Today, we fall from the sky. The University of
Houston's College of Engineering presents this
series about the machines that make our
civilization run, and the people whose ingenuity
created them.
This Saturday morning, the
first of February, 2003, finds me recording in the
newsroom of our radio station. The story of the
returning shuttle Columbia, disintegrating
over Texas, is just breaking. All around me,
reporters, in shock over the loss of people they've
known, struggle to clear their heads and shape the
terrible story.
And I hear a fifty-year-old echo of another such
incident. When the Boeing 707 jetliner went into
service in 1958, the British had long since gotten
the jump on us with the de Havilland
Comet. They'd put it into service six
years earlier.
But disaster struck a year later. A Comet leaving
Calcutta came apart in a thunderstorm. When
investigators could find no other cause, they
blamed the storm. Eight months later, a second
Comet blew up in a clear sky, 27,000 feet over the
island of Elba, off Italy's coast. It was hard to
recover much from the ocean, so it went
undiagnosed. Three months later, a third Comet
exploded over the Mediterranean, and the whole
fleet was grounded.
A more intense search finally yielded some
wreckage. Since the failure had occurred in the
cabin area, engineers did a huge fatigue test of an
actual airplane. They varied the cabin pressure
hydraulically while they flexed the wings. After
three thousand pulsations, a crack appeared near a
cabin window and quickly spread.
The Comet's designers had overlooked stress
concentrations at rivet holes near the windows. The
problem was fixed, and a new Comet went into
service only five months ahead of the Boeing 707.
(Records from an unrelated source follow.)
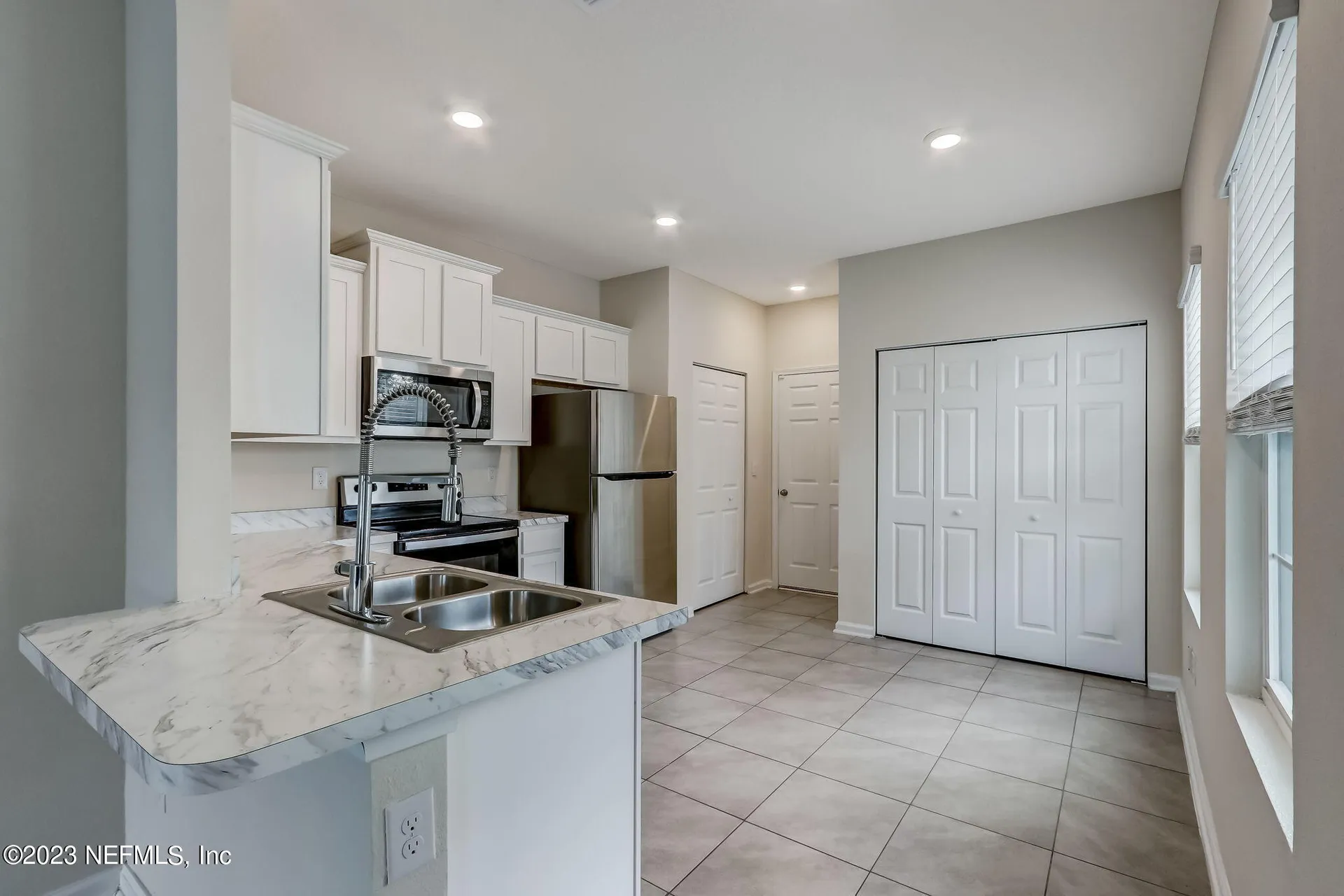988 Observatory Parkway Jacksonville FL 32218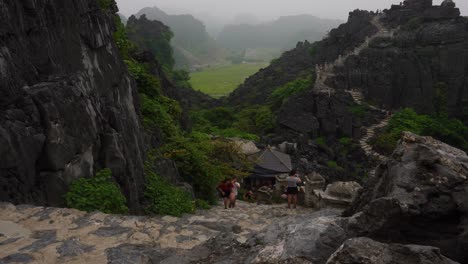 Gente-Timelapse-Visitando-La-Cueva-Mua---Ninh-Binh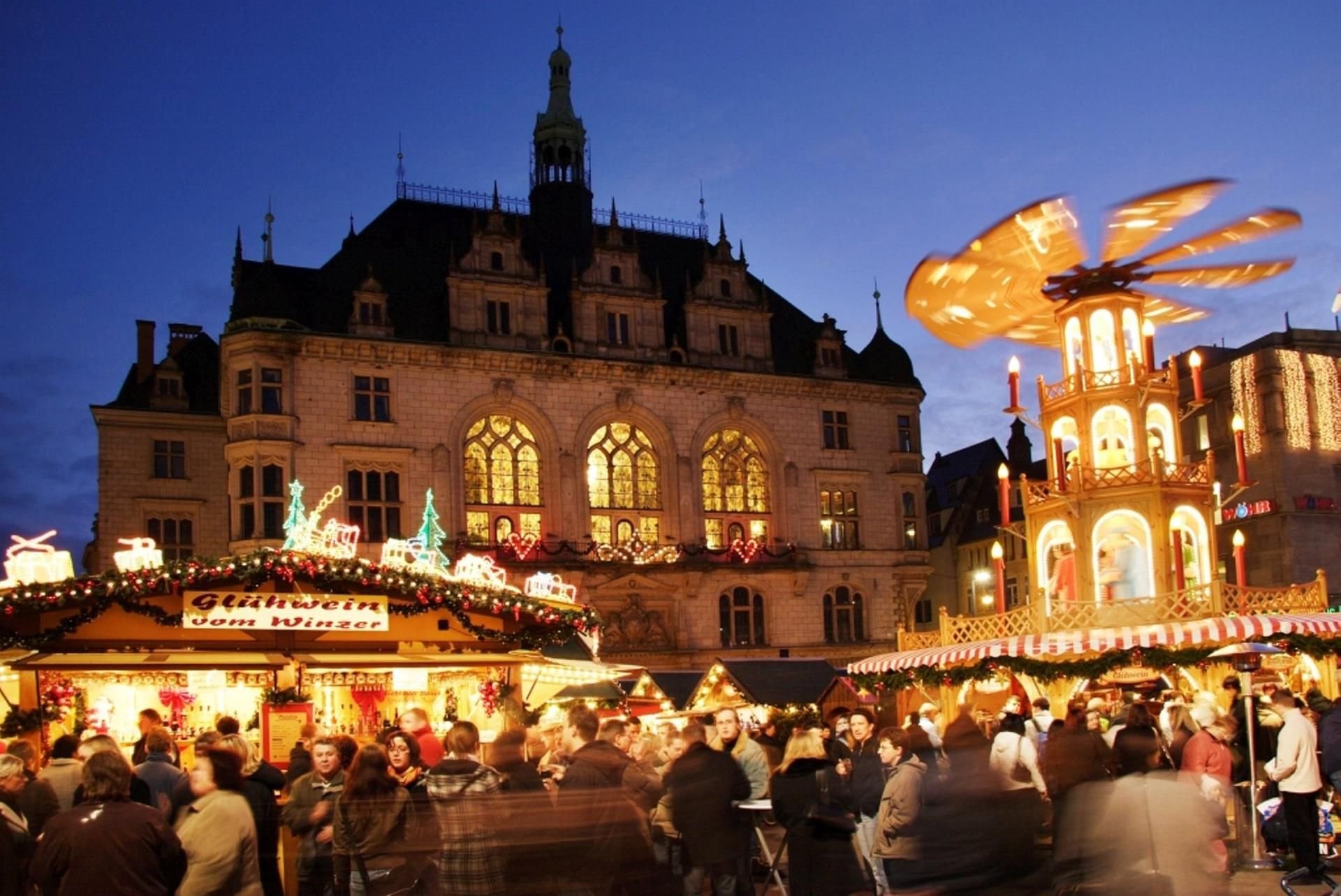 Gemütlich geht es auf dem halleschen Weihnachtsmarkt zu Füßen des Stadthauses zu. Auf dem benachbarten Hallmarkt warten Fahrgeschäfte auf die jüngeren Besucher.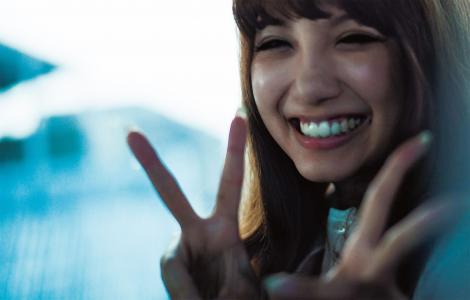 Photobooks : ( Rara Anzai : Nude Photobook 「Hello,Goodbye」 )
The oddest thing about all this is that a former de
Havilland engineer wrote the best-selling book
No Highway in 1948 -- while the Comet was
in its final design stage. He was Nevil Shute, who
also wrote On the Beach and A Town
Like Alice.
No Highway is about a new airplane called
the Reindeer, mysteriously crashed in
Canada. Our ears prick up -- Dasher, Prancer, and
so forth -- Comet was also one of the Reindeer. A
structural engineer, Theodore Honey, is sent to
investigate the crash. Honey has his own theory
that Reindeers should suffer a fatigue failure
after about 1400 hours in the air. No one takes him
seriously.
Halfway across the Atlantic, Honey, who's pretty
oblivious to his surroundings, finds he's
in a Reindeer. A few questions reveal that
this particular plane has been in service just
about 1400 hours. Honey suddenly has to assume
responsibility for saving two hundred people who
feel no need of being saved. Read the book, or find
a video of the movie version, No Highway in the
Sky, to see what Honey did. (It stars Jimmy
Stewart and Marlene Dietrich.)
But how did Nevil Shute anticipate the Reindeer
disaster? Historian Henry Petroski's idea isn't
dramatic, but it's convincing. He thinks Shute
followed his solid engineering instincts, and they
led him where real life eventually took the Comet.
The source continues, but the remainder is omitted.